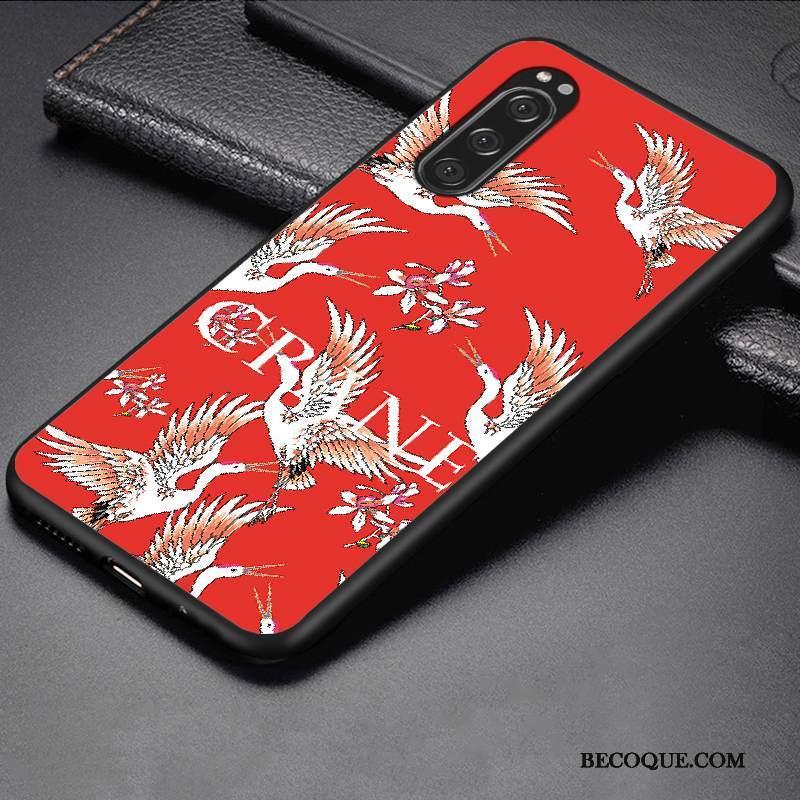 Kuori Sony Xperia 5 Luova Puhelimen Kuoret Trendi, Kotelo Sony Xperia 5 Sarjakuva Murtumaton Tummansininen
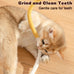 Cat Chew Ropes 4Pcs for Indoor Cats with Refillable Natural Catnip and Soft Cotton Rope Design
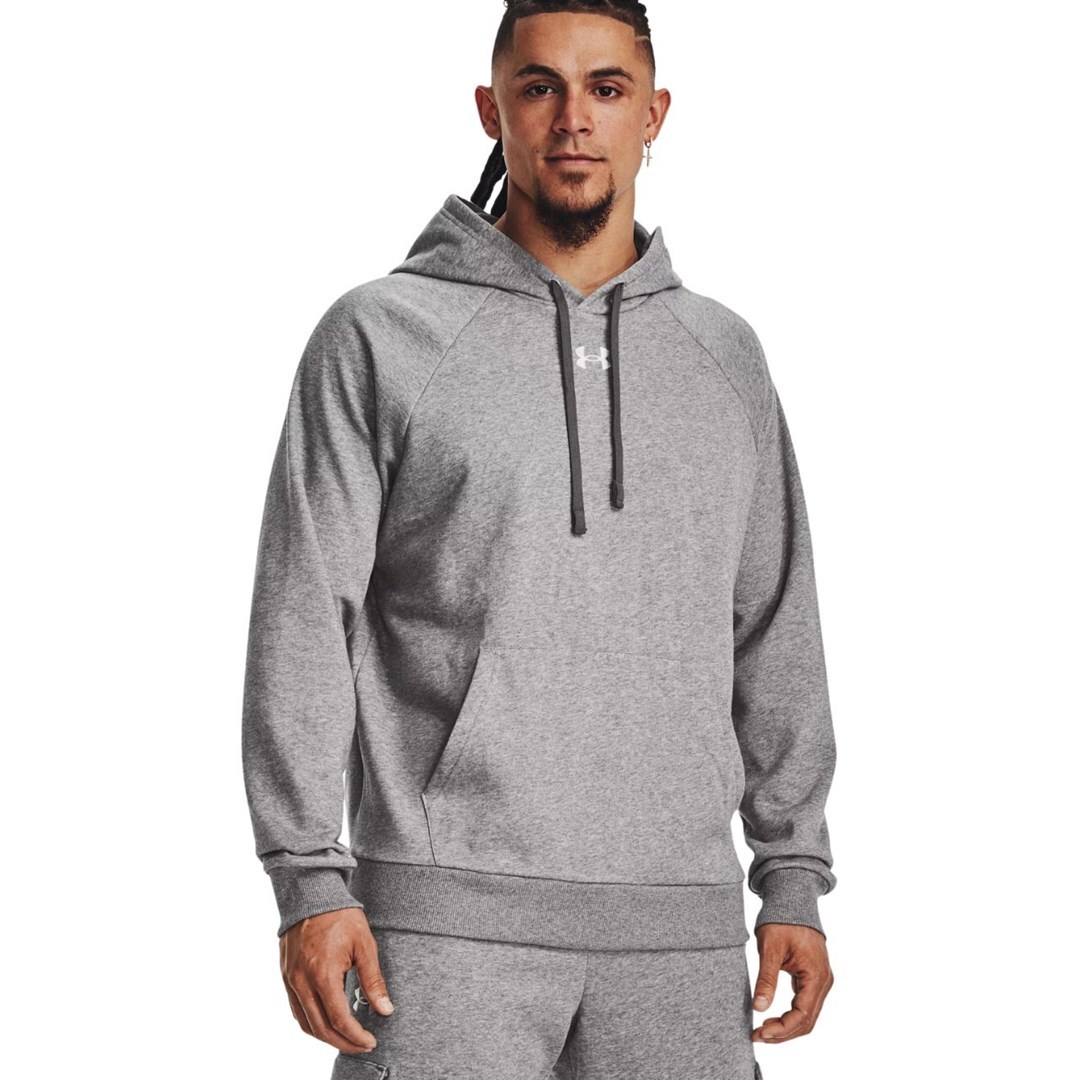 0196884800475 Флисовый Капузенпулловер Under Armour Rival grau 1379757 025 XL Unde 18390₽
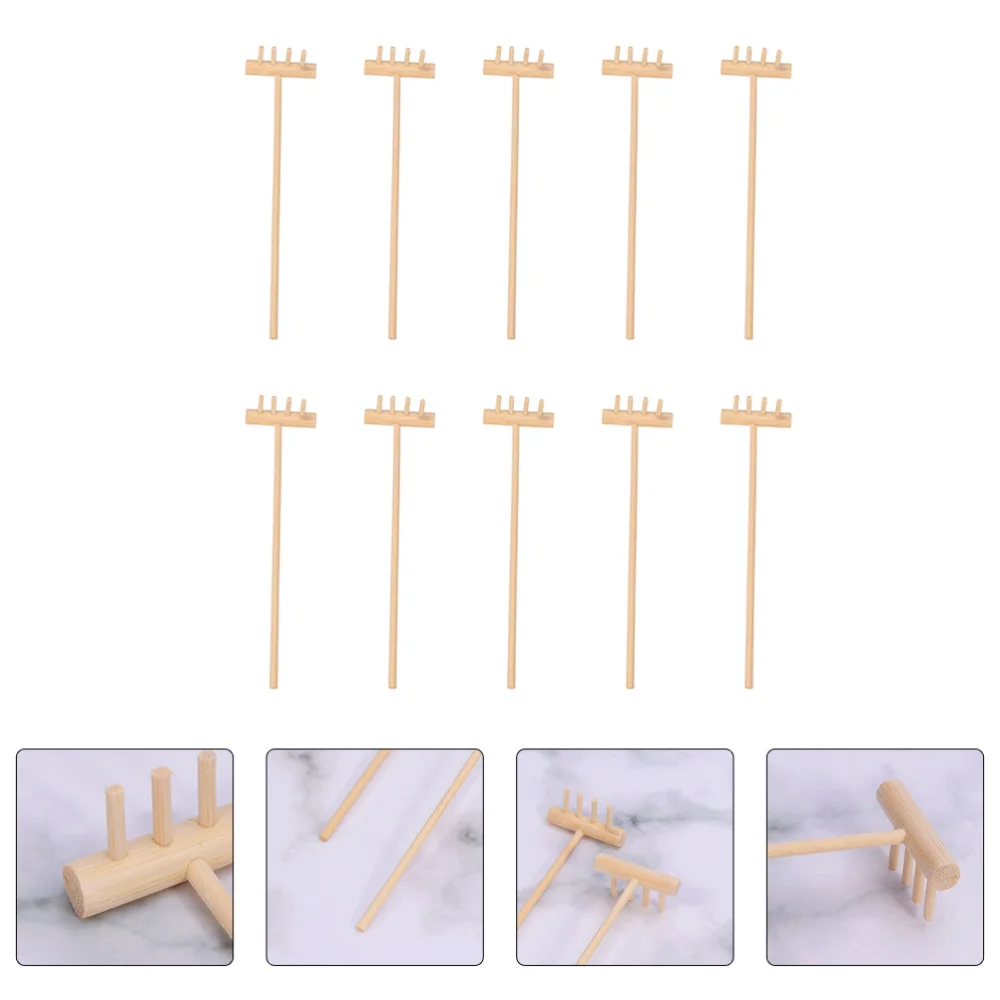 

10pcs Mini Zen Garden Rake Tools Interesting Zen Garden Tool Rake for Tea Art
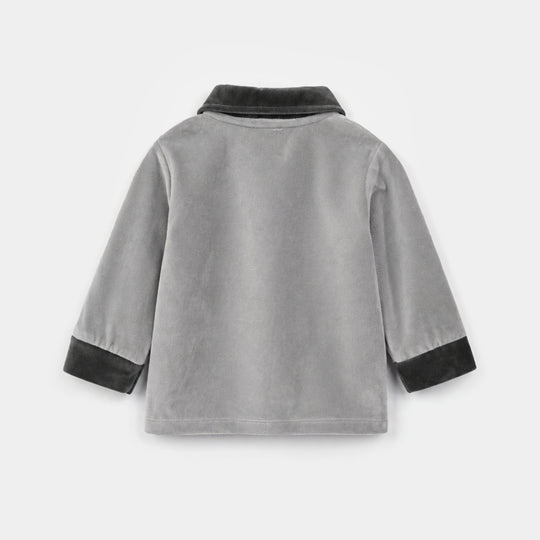 Infant Boys Velour Knitted Suit 319 - 050 - Grey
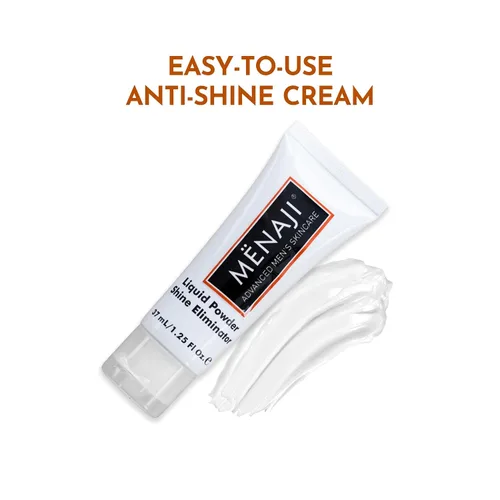 Vista 5 de Mænaji - Eliminador de brillo líquido en polvo Polvo antibrillo para hombres Eliminador de aceite facial Suaviza líneas finas y arrugas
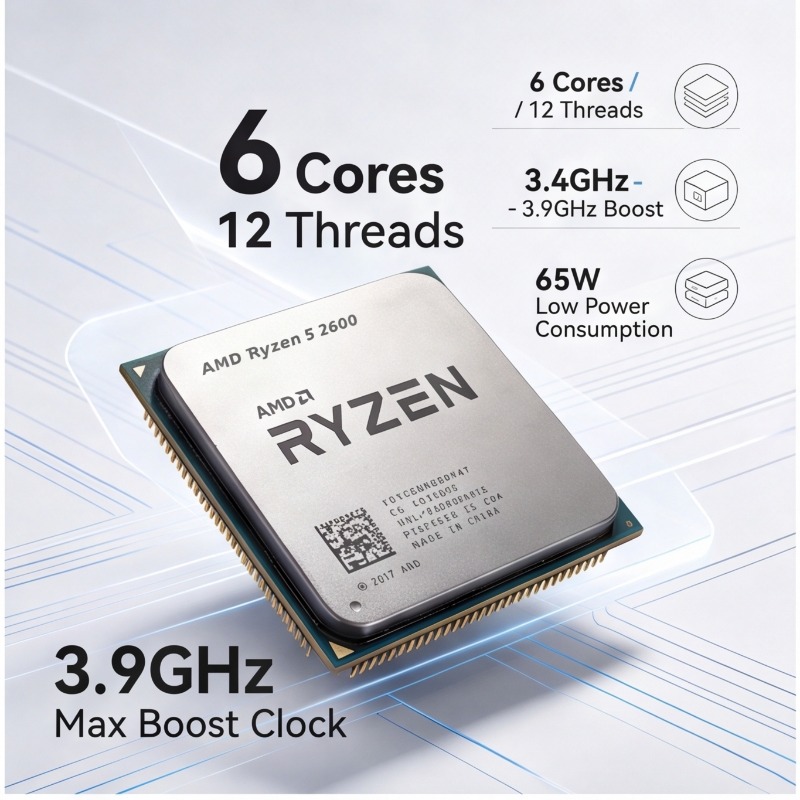 AMD Ryzen 5 2600 R5 2600 3.4GH – Pc Gaming Ryzen 5 recenzja i cena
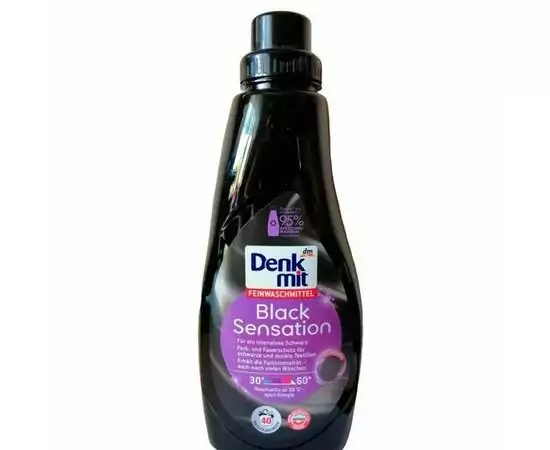 Denkmit Black Sensation - Жидкий гель для стирки тёмного белья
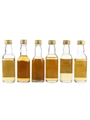 Blair Athol 8 Year Old, Dufftown Glenlivet 8 Year Old, Dufftown 10 Year Old, St Michael Highland 10 Year Old Bottled 1970s-2000s 6 x 5cl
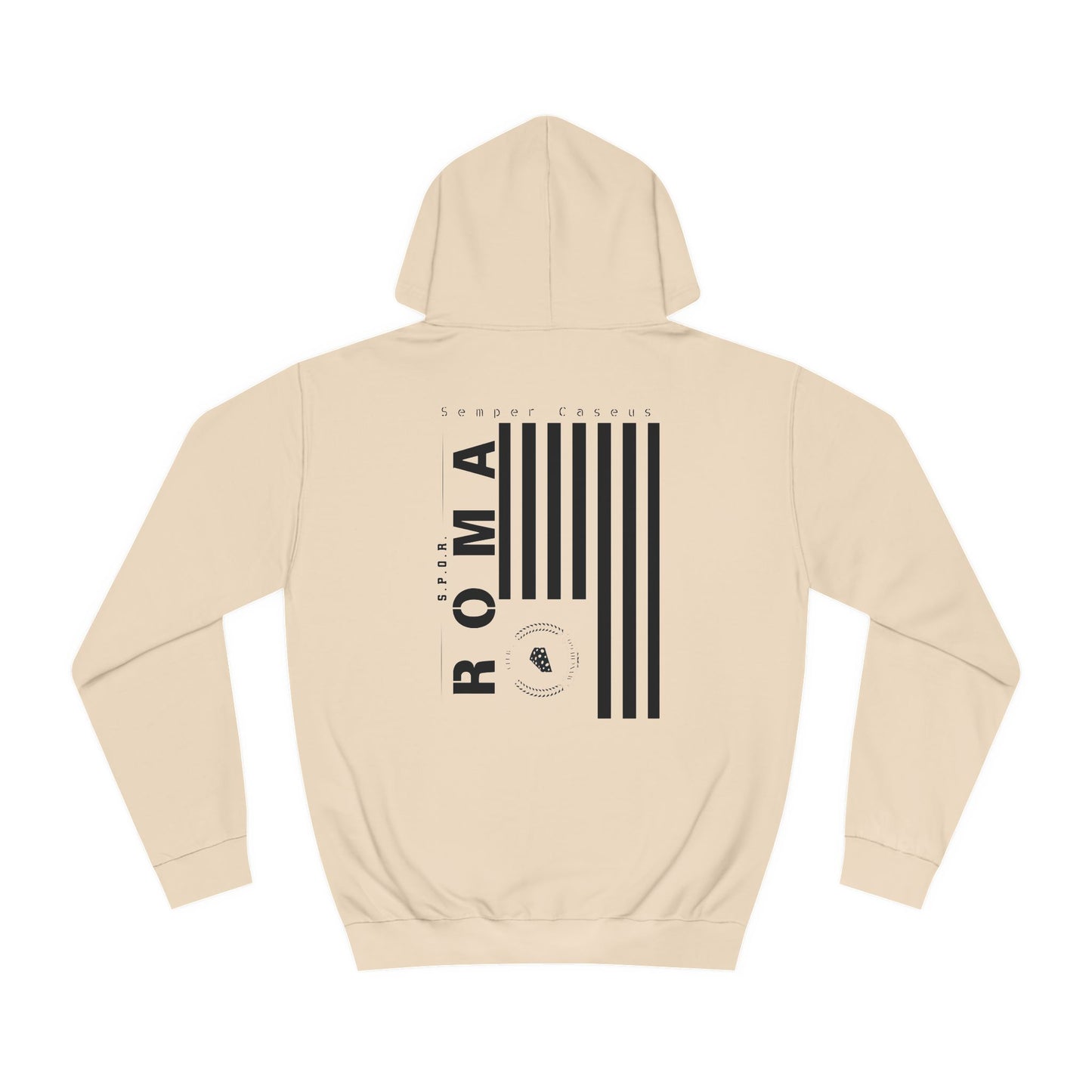 Roma Flag Hoodie – S.P.Q.R. Meets Semper Caseus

- _PROBLEM_
An exact transcription is needed, covering the line with "Denkmit Black Sensation" and every line after it to the end of the entries, but not the pictures.

- _REPLY_
 Denkmit Black Sensation - Жидкий гель для стирки тёмного белья
 Blair Athol 8 Year Old, Dufftown Glenlivet 8 Year Old, Dufftown 10 Year Old, St Michael Highland 10 Year Old Bottled 1970s-2000s 6 x 5cl
 Roma Flag Hoodie – S.P.Q.R. Meets Semper Caseus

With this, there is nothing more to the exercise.